This week I've been slowly starting on my ISOC project, codename Ocius.
I've learnt basic cmake to enable cross platform builds. I've set up a git repo and set up my twitch account to automagically tweet whenever I start a broadcast. So head over and follow me on twitter if you want notifications on when I start to stream. I don't usually use twitter for CS stuff, but maybe it's time to start using that over facebook for those kinds of things.
I've also been doing some reading. A LOT of reading actually. I've been going through the C++ Wrapper API, the AMD APP Guide, I've been reading up on Thrust and various other things. Furthermore I've been reading some in my various books; C++ Concurrency in Action, OpenCL in Action, Professional C++ and The Art of Multiprocessor Programming. I realize my limited proficiency with C++ when I have to look up things like how to return an array from a function and when I am confused over template syntax. I have also been enjoying the sun while it has been so kind to shine the past few days so I admit I havn't been 100% productive. I also got stuck in a rather long game of Warlock.
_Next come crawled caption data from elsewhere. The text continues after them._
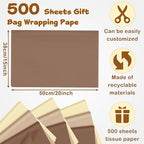 500 Sheets Kraft Brown Tissue Paper 15 x 20 Inch for Fall Harvest Gift Bags - Image 2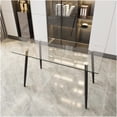 thumbnail image 1 of Modern 4-6 Seater Tempered Glass Dining Table with Black Metal Legs, Minimalist Rectangular Kitchen Table for Living Room Dining Area, 1 of 10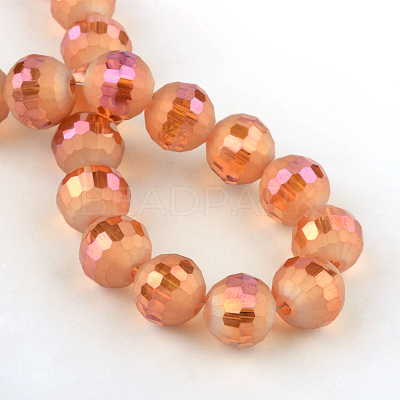 Faceted Round Electroplate Glass Bead Strands EGLA-S130-10mm-M-1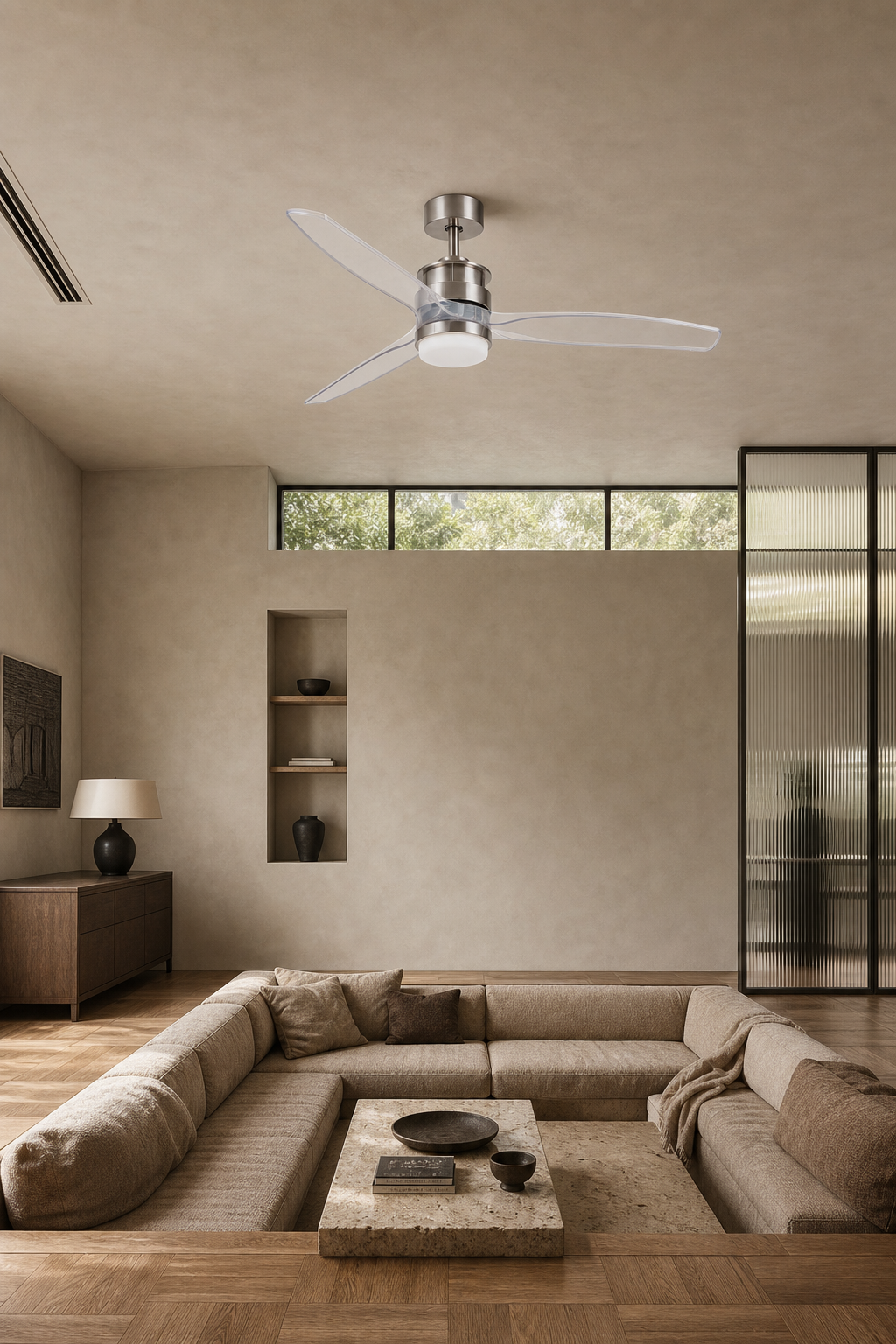 Satin Nickel and Clear-Blade Ceiling Fan with Light - FAN929-B-01 — desert modern living room scene
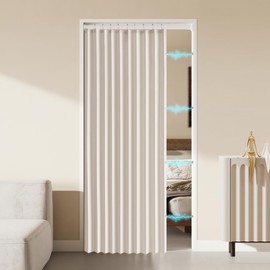 Closet Door Curtains Linen Pleated Folding Magnetic Patio Door Curtains Tiebacks Accordion Room Divider Sliding Glass Door Blinds for Doorways French Closet Door Curtains for Open Closet 40x78 Beige
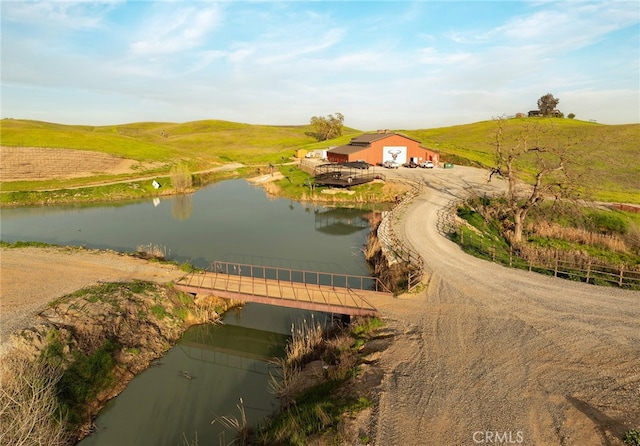 aerial view with a water view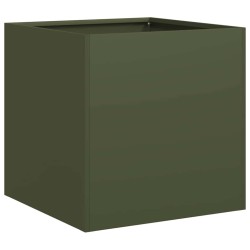 Jardinière vert olive 40x40x40 cm acier laminé à froid 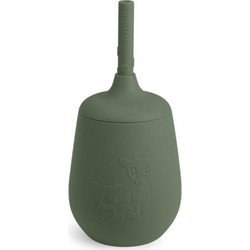 Nuuroo Adita Ποτήρι Σιλικόνης με Καπάκι & Καλαμάκι Dusty Green 230ml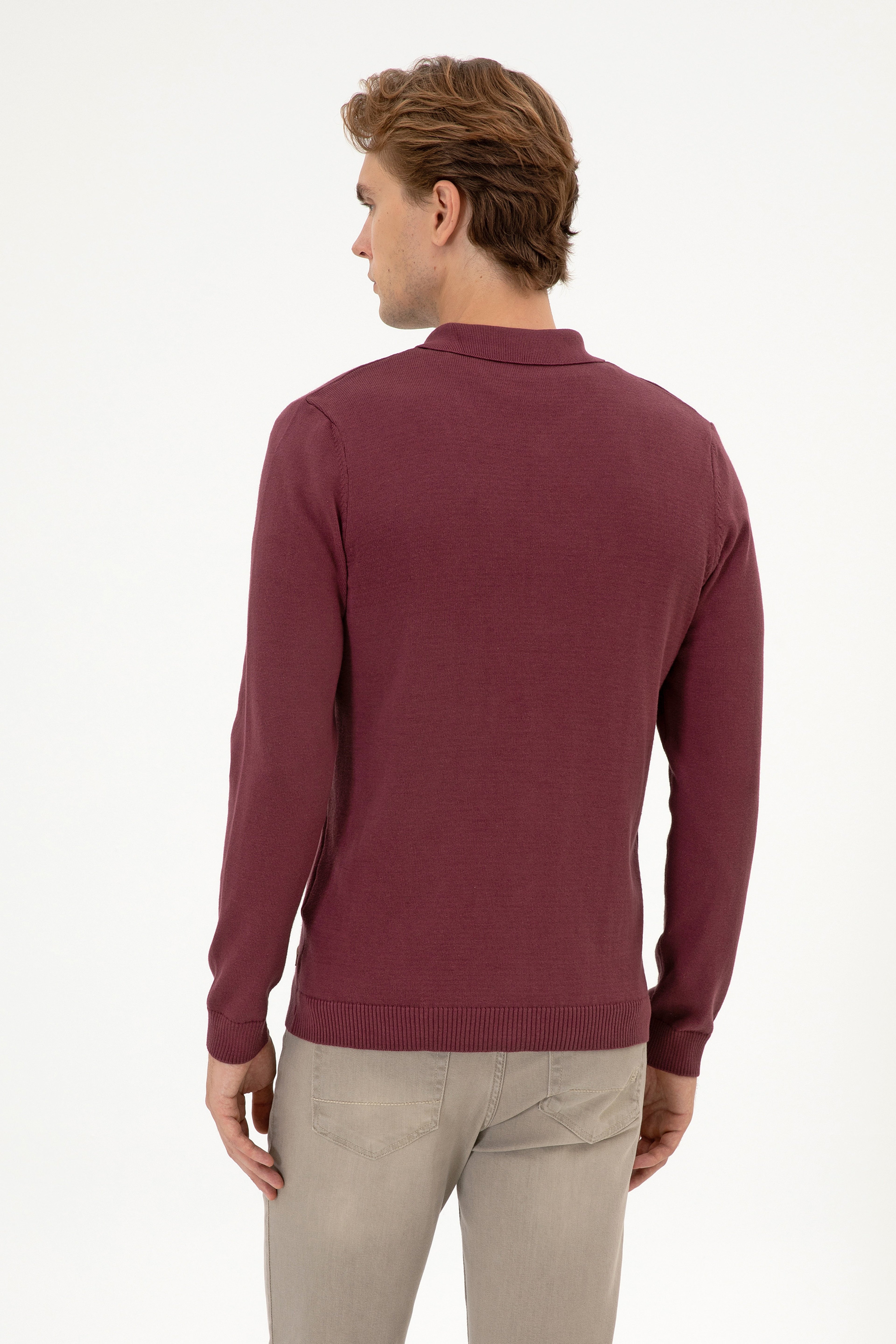 Erkek Polo Yaka Bordo Basic Triko Hırka
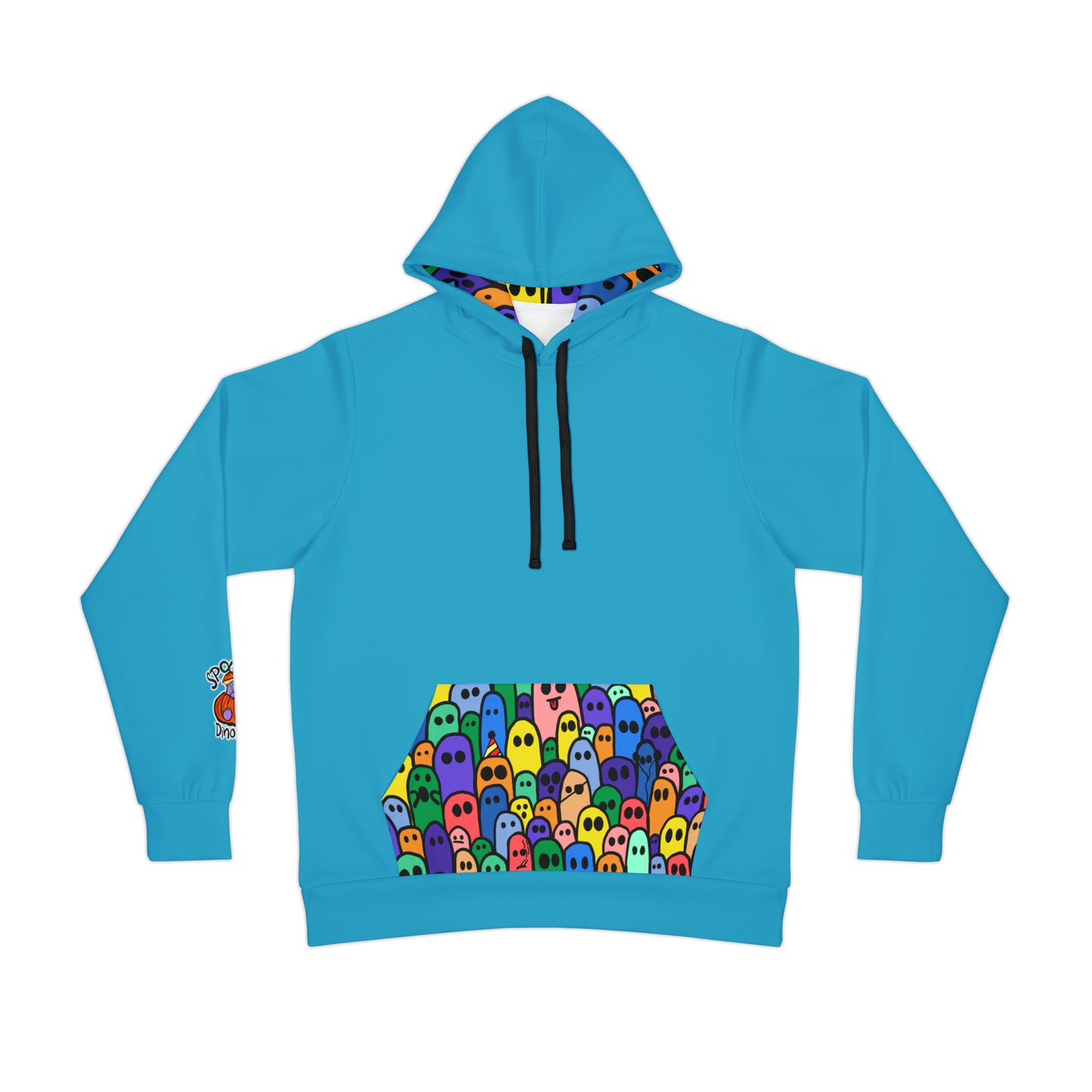 Polyester Spandex Hoodie | Unisex Long Sleeve Hoodie | Spooky Dinosaur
I've been thinking a lot over how to structure this code. At first I was thinking of a rather heavy object called an Environment. This would contain the OpenCL platform, the context, all the devices and program/kernel information. This using the C++ wrapper api was harder than I thought. Or at least more clumsy. Because a machine can have multiple platforms and multiple devices within a platform. Luckily for me, you cannot create a context with devices from different platforms, so that makes it a little easier. For you who do not know, a platform is a specific OpenCL implementation. For example Intel. They only provide implementations for their CPUs - because that's the only thing they make. AMD however have one platform for both their CPU and GPU devices. And Nvidia only their GPUs as far as I'm aware. I havn't had the chance to develop for a Tegra device yet. So yeah, I don't know how to make such a class easy to use and flexible at the same time. My initial thought was that this one class would do all the heavy lifting, such as setup command queues and such. But then I learnt that every command queue only goes to a single device anyway. And I realized there is also no point in running kernels on multiple devices, because it's not possible to coordinate that work in any reasonable way. So perhaps it's more feasible to create a smaller object, which handles only a single device. Which is the most common configuration any way. However this depends on whether or not an OpenCL context is a lightweight object. Perhaps it is, perhaps it is not. But on the other hand, if you have multiple GPUs you might be looking to roll your own solution anyway. But with separate classes for this it would be easier to coordinate them this way.
What do you guys think? Maybe you can drop a line bellow if you have any experience with multi GPU setups. Considering I want to support and focus on CL-GL interop I think smaller compute environments might be the way to go after all. Because unless you're on an AMD-AMD system, having multiple contexts are mandatory anyway.